Il ricorso è generico e manifestamente infondato e quindi inammissibile. Il ricorrente va condannato al pagamento delle spese del grado ed al versamento di somma a favore della cassa ammende, somma che si stima equo determinare in euro 500.
A fronte della affermazione contenuta nella sentenza di primo grado circa la idoneità delle frasi pronunziate dal V. ad intimidire il destinatario, il ricorrente si limita ad affermare il contrario, semplicemente precisando che l'appartenenza della PO alla polizia penitenziaria, e dunque la sua consuetudine con soggetti violenti, la avrebbe resa immune ed insensibile alle minacce. Trattasi di una tesi quantomeno singolare, atteso che, viceversa, deve ritenersi (e così ha ritenuto il giudice di merito) che, proprio perché proveniente dall'interno dell'ambiente carcerario, la minaccia sia apparsa particolarmente "pesante".

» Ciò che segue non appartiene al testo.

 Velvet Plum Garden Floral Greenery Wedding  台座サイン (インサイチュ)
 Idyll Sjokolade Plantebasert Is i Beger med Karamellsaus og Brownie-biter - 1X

Il fatto poi che le frasi non siano state percepite direttamente dal destinatario, ma a siano state a lui riportate da terzi, è del tutto irrilevante, dal momento che il reato de quo sussiste e si consuma quando l'espressione minacciosa sia portata a conoscenza del soggetto passivo (ASN 198508264 - RV 170482). Né è logico affermare che costui non ne è mai venuto a conoscenza, altrimenti, il presente procedimento non avrebbe mai avuto inizio.
Infine errato è sostenere che, poiché il male minacciato non era prospettato come alternativa ad un comportamento richiesto alla PO, non ricorra il delitto ex art. 612 c. p., il quale, viceversa, resta integrato per il solo fatto che si minacci altri di un male ingiusto. Se invece la minaccia costituisce strumento per ottenere dal destinatario un determinato comportamento, altri e più gravi, come è noto, sono i reati configurabili (es. artt. 610, 629 c. p. ecc.).
P.Q.M.
La Corte dichiara inammissibile il ricorso e condanna il ricorrente al pagamento delle spese processuali e della somma di euro cinquecento a favore della cassa delle ammende.